Supplied information
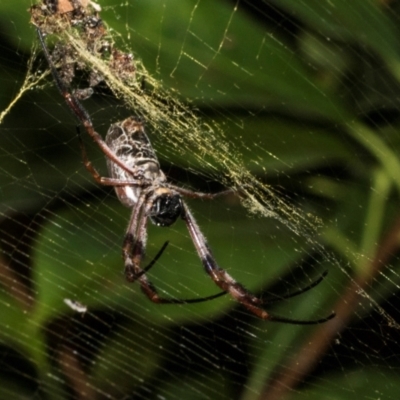 Trichonephila edulis (Golden orb weaver) at Hawker, ACT - 28 Jan 2024 by AlisonMilton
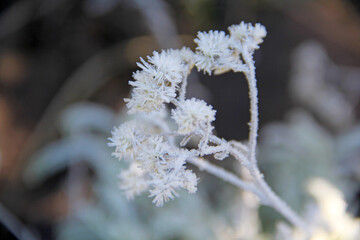 Snowy plants
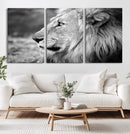 African Lion Wall Art Canvas Print – Majestic Wildlife
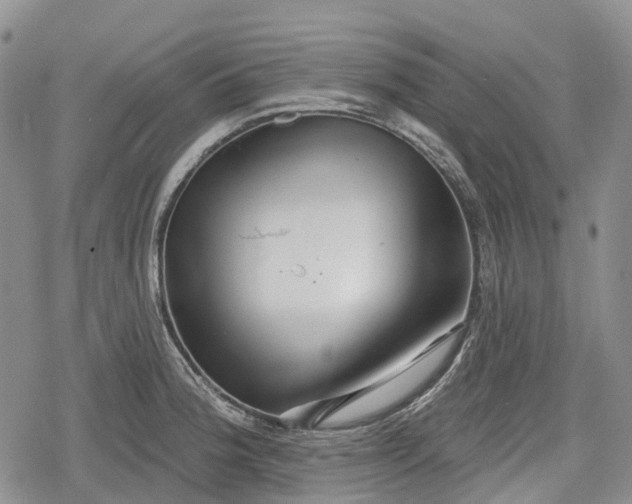 X0000078831188200611271249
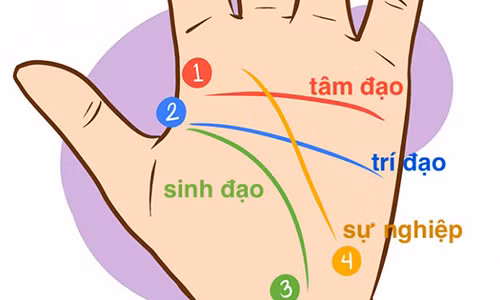 Video: Thành chuyên gia nhân tướng học chỉ với 10 bí kíp xem chỉ tay này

Work to be completed
The reply should hold every line of the material above, unchanged, and no pictures.

Response to the task
 Trichonephila edulis (Golden orb weaver) at Hawker, ACT - 28 Jan 2024 by AlisonMilton
 Snowy plants
 African Lion Wall Art Canvas Print – Majestic Wildlife
 X0000078831188200611271249
 Video: Thành chuyên gia nhân tướng học chỉ với 10 bí kíp xem chỉ tay này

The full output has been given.